I would ask for the pet care manager. I worked there for a year and we would switch display bettas if someone wanted the one on display. Even if he was taken out of inventory, they could just put another halfmoon on display since they are all the same UPC number. Good luck!


----------



## wystearya (Sep 27, 2010)

Well, it isn't like the fish itself is bar-coded. lol! Just select a lid with the right tail type on it and you should be good to go. 

It's too bad they are right by the register. My Petsmart has them at the end of an isle, away from the registers.

Still, I would go back and ask to see the manager right away. Don't even try asking if he is for sale from anyone else. If the fish is gone, still ask to talk to the manager. Tell him what happened and that your not happy about it. It is a PET store and if they don't want to sell the pets there then they should not be on display.


----------



## sparkyjoe (Feb 27, 2012)

I'm in agreement with those who say talk to someone with real authority, not just someone on a power trip or, more likely, doesn't want to be bothered with trying to catch you the fish. 

I'm well on my way to being "full" but I can't stop thinking about a boy that I saw at Petco for the last couple of weeks. He just keeps getting slower. Poor guy.


----------



## mkendle87 (Feb 9, 2012)

The same exact thing happend to me but it was a blue and mustard half moon plakat. It was amazing and they only had him in a .5 gallon box. I asked the guy if he would sell him to me and he said no that he was the stores mascot. He still wouldn't sell him after I told him I had a planted 5 gallon cycled and ready for him.

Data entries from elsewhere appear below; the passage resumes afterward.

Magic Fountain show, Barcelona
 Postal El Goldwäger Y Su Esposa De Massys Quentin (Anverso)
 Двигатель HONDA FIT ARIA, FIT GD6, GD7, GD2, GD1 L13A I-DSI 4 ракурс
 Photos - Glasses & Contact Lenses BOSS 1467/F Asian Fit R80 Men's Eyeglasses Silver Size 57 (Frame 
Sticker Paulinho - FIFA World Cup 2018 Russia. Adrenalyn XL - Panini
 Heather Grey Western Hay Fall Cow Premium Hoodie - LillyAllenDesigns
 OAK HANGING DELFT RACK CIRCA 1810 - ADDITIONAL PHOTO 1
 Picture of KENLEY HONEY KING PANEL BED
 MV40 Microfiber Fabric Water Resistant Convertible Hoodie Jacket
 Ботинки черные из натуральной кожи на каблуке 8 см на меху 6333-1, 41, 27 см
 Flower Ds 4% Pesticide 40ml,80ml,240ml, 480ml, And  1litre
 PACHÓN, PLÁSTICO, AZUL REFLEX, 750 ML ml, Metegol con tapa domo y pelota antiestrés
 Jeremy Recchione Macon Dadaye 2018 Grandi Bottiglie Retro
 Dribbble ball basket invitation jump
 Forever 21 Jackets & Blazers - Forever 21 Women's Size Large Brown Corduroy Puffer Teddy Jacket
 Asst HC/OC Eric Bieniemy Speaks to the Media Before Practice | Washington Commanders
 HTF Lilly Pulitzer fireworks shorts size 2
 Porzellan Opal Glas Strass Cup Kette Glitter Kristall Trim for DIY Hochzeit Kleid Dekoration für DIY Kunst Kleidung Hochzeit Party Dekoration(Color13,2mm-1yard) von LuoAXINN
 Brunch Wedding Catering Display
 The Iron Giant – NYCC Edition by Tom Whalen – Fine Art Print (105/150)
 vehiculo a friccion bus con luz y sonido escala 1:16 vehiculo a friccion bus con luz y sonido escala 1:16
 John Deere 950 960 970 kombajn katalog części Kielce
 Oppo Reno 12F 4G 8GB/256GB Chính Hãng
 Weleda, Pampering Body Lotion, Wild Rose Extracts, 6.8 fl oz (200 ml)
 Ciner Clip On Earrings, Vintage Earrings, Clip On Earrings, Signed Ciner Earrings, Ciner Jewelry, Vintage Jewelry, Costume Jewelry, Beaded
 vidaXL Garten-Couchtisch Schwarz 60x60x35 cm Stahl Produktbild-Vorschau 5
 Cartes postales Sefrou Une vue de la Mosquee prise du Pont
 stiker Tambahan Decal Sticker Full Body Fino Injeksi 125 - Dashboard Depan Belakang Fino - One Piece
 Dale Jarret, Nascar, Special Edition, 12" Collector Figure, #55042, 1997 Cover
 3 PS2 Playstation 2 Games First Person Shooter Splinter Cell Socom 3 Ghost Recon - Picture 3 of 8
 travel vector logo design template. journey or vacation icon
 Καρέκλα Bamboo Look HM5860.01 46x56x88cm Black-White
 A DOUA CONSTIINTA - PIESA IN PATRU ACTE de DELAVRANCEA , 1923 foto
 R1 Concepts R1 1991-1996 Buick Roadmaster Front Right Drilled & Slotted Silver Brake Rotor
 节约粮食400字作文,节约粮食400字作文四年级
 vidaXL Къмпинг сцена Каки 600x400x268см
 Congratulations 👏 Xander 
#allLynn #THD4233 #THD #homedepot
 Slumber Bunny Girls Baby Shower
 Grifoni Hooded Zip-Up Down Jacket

If the fish was really that important to the store, then why would they keep him in a half gallon box? Needless to say I don't shop at pet smart anymore and have had no luck finding a plakat since then. By the way the guy didn't even know what a plakat was.


----------



## dramaqueen (Jul 7, 2008)

My Petsmart has a Betta on display that isn't for sale. I think he actually belongs to one of the employees.


----------